▶ [EXERCISE PROMPT]
Please set down exactly the lines of the listing below from the line containing "The particular objectives" through the line containing "Alright, this is", both lines included, leaving out all other lines.

▶ [DATA PROVIDED]
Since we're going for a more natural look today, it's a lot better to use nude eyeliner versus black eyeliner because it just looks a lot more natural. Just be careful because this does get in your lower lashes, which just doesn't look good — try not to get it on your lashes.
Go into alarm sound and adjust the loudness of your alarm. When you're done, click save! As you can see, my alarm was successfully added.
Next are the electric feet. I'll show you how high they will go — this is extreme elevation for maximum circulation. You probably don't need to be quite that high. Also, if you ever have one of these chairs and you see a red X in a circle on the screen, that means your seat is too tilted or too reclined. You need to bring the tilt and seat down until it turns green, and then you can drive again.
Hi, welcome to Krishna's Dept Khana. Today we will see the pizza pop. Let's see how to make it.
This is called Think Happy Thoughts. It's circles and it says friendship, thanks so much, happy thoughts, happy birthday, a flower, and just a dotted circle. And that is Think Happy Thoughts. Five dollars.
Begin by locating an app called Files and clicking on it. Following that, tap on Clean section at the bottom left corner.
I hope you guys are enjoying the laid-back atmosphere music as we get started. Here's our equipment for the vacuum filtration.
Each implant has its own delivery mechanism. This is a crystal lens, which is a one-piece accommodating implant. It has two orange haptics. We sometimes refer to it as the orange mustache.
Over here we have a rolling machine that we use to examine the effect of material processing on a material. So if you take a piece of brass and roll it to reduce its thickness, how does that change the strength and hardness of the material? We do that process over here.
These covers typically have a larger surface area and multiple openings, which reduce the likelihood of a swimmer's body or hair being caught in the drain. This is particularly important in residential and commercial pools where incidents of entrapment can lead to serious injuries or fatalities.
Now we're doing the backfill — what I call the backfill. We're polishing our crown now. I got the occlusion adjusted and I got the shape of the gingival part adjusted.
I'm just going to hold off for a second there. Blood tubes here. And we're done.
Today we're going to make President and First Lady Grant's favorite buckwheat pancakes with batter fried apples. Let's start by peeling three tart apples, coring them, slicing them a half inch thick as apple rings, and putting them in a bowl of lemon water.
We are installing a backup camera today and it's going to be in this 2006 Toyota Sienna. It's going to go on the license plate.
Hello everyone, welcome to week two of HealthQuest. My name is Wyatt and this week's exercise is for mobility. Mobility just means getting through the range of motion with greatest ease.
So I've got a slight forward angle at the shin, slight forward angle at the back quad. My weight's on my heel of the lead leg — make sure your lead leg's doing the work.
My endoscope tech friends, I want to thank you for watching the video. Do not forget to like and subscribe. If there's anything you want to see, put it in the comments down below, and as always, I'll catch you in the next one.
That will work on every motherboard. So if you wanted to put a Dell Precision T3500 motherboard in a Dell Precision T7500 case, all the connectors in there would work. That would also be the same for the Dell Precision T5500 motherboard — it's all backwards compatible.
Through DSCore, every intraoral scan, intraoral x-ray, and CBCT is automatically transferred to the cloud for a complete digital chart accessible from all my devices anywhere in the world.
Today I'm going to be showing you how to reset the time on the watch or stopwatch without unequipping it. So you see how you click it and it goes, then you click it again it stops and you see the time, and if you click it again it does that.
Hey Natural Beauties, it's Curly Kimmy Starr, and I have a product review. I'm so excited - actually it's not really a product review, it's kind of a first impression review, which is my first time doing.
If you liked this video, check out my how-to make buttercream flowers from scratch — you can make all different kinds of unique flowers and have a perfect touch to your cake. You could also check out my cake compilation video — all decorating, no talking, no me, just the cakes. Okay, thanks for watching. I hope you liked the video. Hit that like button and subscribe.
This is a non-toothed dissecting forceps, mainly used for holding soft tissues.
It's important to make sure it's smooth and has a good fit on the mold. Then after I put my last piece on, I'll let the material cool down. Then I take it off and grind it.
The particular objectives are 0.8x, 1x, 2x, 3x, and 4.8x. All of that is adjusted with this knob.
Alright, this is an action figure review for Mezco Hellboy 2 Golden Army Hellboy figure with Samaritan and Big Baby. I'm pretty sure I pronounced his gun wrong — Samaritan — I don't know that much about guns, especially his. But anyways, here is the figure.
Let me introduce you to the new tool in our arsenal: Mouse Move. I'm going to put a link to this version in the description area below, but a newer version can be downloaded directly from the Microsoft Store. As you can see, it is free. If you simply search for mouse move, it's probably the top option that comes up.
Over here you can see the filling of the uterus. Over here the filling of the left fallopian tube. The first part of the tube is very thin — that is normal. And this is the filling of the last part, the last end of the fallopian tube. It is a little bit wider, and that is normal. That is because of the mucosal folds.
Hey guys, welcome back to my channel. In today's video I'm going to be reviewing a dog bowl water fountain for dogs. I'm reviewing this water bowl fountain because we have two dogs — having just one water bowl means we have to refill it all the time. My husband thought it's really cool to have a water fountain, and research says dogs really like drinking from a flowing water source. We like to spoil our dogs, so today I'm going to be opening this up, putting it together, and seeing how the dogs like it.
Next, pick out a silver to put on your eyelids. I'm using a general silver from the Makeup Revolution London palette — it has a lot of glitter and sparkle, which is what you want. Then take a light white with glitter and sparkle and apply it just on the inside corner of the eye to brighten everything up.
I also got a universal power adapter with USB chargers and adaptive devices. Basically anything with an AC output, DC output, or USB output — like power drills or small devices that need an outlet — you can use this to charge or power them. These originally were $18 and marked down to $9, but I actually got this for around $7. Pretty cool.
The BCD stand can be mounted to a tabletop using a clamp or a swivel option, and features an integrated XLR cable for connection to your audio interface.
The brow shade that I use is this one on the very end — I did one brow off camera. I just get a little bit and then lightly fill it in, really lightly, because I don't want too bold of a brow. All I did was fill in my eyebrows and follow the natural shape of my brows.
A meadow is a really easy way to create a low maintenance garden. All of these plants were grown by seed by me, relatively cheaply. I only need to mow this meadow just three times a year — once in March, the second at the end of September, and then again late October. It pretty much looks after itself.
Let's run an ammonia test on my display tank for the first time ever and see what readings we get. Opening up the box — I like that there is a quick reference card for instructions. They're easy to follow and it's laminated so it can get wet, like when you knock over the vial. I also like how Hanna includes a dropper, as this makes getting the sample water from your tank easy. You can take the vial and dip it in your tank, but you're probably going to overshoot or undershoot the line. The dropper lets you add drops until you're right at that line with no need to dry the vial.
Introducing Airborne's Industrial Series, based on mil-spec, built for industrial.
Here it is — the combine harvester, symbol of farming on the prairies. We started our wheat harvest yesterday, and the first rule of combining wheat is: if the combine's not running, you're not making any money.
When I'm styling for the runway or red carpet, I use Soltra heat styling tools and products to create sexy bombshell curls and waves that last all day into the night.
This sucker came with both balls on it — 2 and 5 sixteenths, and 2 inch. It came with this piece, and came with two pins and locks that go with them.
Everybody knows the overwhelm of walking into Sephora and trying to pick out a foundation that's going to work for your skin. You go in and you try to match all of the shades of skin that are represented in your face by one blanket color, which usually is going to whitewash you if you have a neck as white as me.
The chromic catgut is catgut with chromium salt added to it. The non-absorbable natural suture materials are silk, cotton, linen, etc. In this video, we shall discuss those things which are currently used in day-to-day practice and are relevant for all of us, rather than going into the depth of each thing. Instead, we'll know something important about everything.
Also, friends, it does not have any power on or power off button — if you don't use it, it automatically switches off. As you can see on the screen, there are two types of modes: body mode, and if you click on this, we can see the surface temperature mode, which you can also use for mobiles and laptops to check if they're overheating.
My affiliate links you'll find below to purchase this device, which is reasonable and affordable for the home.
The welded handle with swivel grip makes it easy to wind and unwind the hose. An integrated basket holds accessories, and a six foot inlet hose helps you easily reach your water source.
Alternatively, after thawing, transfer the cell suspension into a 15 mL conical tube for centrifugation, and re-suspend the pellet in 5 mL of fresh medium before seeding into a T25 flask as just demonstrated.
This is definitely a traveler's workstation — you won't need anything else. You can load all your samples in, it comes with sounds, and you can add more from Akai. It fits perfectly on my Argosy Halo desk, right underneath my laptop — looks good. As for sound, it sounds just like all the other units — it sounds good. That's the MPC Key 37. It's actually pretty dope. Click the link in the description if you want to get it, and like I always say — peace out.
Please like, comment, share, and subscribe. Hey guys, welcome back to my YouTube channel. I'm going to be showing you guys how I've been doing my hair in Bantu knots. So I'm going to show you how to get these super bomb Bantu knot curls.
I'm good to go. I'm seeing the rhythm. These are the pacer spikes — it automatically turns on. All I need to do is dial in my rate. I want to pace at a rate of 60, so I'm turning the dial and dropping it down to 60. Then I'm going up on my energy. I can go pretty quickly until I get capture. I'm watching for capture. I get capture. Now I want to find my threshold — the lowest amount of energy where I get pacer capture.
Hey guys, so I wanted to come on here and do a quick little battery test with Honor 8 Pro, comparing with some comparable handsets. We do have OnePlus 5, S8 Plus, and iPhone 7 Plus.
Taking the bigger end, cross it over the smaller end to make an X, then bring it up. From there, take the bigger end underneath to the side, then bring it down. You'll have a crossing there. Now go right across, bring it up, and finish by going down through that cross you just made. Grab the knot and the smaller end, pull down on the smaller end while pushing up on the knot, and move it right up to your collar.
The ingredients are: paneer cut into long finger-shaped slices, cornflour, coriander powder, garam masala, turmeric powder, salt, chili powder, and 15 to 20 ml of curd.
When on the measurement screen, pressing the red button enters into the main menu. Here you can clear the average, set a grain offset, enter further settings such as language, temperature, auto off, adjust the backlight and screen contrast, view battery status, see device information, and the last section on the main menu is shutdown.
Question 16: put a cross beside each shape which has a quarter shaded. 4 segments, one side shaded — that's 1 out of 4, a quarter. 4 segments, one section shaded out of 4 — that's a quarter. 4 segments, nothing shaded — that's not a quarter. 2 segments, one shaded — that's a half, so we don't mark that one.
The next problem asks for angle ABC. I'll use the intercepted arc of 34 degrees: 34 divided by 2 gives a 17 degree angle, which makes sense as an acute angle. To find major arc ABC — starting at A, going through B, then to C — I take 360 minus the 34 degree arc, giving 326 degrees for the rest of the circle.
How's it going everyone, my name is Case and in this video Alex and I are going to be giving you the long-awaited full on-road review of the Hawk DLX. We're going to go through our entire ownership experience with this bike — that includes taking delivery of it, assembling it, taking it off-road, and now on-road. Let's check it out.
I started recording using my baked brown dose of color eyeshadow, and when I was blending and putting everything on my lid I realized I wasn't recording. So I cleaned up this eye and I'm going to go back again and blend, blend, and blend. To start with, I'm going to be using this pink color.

▶ [FINISHED EXERCISE]
The particular objectives are 0.8x, 1x, 2x, 3x, and 4.8x. All of that is adjusted with this knob.
Alright, this is an action figure review for Mezco Hellboy 2 Golden Army Hellboy figure with Samaritan and Big Baby. I'm pretty sure I pronounced his gun wrong — Samaritan — I don't know that much about guns, especially his. But anyways, here is the figure.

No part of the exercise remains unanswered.